Our work had several limitations. The number of participants was relatively small and not all were concurrently screened with all three tests. While the composition of immigrants screened was broadly in keeping with the foreign-born population resident in the UK, other areas of the UK may have slightly higher proportions of immigrants from the Indian subcontinent. As per UK guidelines, HIV testing was not undertaken and thus data on immigrants' HIV status were not available. Consequently we used estimates for this but our work highlights the potential of incorporating testing for bloodborne viruses into community-based screening for TB.
Our health economics model only considered transmission to contacts resulting in secondary cases of active TB and LTBI. Incorporating further generations of transmission would increase the cost effectiveness of screening by increasing the number of cases ultimately averted. However, we assumed relatively high rates of acceptance and completion of chemoprophylaxis which, while broadly in line with the estimates used by NICE,10 may have overestimated the cost effectiveness of screening (although the results remained broadly unchanged with reductions in completion rates). We only considered incidence thresholds >40/100 000 but future work should ascertain the cost effectiveness, and logistics, of screening immigrants at lower incidence thresholds (such as >20/100 000).
In line with previous published work31 ,32 ,34 ,37 we elected to assess cost effectiveness by presenting the cost per active TB case averted rather than the cost per quality adjusted life year as there are still limited objective data on utility states for individuals with active and latent TB.

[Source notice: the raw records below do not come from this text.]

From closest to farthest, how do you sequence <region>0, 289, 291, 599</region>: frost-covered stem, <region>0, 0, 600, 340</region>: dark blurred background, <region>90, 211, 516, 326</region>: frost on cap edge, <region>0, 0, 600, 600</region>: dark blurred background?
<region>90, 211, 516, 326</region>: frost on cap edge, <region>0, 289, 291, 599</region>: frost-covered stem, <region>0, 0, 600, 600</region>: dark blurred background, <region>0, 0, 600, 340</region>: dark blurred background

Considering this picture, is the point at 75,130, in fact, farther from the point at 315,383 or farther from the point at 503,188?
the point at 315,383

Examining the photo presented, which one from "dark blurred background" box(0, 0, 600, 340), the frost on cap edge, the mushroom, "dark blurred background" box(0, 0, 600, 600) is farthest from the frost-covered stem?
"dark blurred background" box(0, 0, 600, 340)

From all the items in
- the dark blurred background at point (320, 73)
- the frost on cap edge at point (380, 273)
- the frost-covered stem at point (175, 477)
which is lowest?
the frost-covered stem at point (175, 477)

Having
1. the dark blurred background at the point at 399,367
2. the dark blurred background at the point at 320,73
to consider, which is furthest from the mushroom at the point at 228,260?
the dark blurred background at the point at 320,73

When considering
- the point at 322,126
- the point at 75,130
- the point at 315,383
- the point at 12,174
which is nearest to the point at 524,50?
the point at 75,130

In conclusion, immigrant screening in the UK could cost-effectively remove the requirement for mandatory CXR on arrival and concentrate on screening for LTBI with single-step IGRA at an incidence threshold which balances the need to identify those with LTBI against limited service capacity while still reducing UK TB notifications in the future.

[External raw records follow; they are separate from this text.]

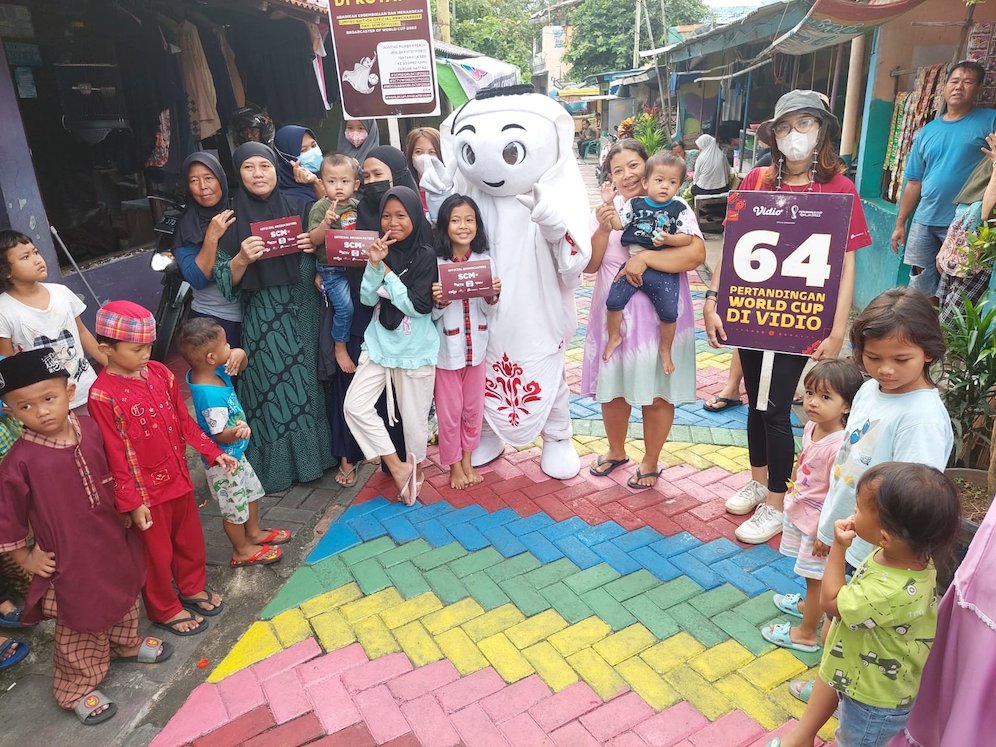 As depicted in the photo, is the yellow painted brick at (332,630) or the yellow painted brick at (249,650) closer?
the yellow painted brick at (249,650)

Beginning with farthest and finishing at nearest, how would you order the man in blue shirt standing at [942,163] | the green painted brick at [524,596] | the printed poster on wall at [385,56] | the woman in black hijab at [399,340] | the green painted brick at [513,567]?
1. the man in blue shirt standing at [942,163]
2. the printed poster on wall at [385,56]
3. the woman in black hijab at [399,340]
4. the green painted brick at [513,567]
5. the green painted brick at [524,596]

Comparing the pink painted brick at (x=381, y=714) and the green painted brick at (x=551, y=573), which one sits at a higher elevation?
the green painted brick at (x=551, y=573)

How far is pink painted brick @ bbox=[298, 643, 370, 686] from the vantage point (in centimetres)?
272

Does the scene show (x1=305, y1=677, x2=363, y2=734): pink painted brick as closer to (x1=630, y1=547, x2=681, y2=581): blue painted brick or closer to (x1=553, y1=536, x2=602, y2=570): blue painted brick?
(x1=553, y1=536, x2=602, y2=570): blue painted brick

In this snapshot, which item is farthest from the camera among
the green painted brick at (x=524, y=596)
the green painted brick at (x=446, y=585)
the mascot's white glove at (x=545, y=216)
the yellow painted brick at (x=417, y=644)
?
the mascot's white glove at (x=545, y=216)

The authors wish to acknowledge the contribution of the local primary care centres that ran the new entrant screening programmes: Lisson Grove Health Centre, Soho Square General Practice, Newton Medical Centre and the 574 Harrow Road Practice.
Independence The authors' work was independent of the funders, who had only a minimal role in the study design but no role in the analysis of data, writing of the manuscript or decision to submit for publication.

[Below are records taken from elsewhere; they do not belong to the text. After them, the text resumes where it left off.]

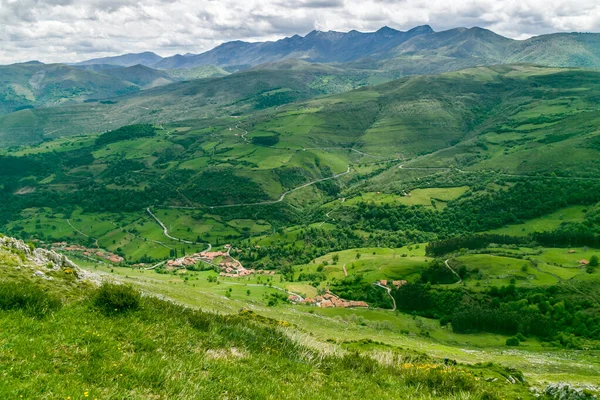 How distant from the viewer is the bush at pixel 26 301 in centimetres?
1630

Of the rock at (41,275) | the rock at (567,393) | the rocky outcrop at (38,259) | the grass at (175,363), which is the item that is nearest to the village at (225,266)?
the rocky outcrop at (38,259)

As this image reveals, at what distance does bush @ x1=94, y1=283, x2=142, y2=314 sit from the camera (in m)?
18.5

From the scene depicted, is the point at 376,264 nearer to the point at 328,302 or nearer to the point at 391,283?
the point at 391,283

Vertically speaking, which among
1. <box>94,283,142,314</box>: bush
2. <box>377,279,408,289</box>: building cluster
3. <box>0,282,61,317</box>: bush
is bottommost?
<box>377,279,408,289</box>: building cluster

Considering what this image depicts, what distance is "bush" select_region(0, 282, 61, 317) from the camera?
16.3 meters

Funding This study was undertaken at St Mary's Hospital, Imperial College Healthcare NHS Trust which is supported by the NIHR Biomedical Research Centre funding scheme. Westminster Primary Care Trust provided funding for the project. MP is funded by a Medical Research Council Capacity Building Studentship. PJW thanks the Medical Research Council for Centre funding. AL is a Wellcome Senior Research Fellow in Clinical Science and NIHR Senior Investigator.
Competing interests AL is inventor for patents underpinning T-cell-based diagnosis. The ESAT-6/CFP-10 ELISpot was commercialised by an Oxford University spin-out company (Oxford Immunotec, Abingdon, UK) in which Oxford University and Professor Lalvani have a minority share of equity. MP, SS, MB, JS, MG, PJW and OMK have no conflict of interest.
Ethics approval No patient-specific data or personal identifiers were used in the preparation of this report which was an analysis of routine data collected as part of service evaluation and therefore ethical approval was not required.
Provenance and peer review Not commissioned; externally peer reviewed.
Data sharing statement Full numerical results of the scenarios described here are available from the corresponding author on request.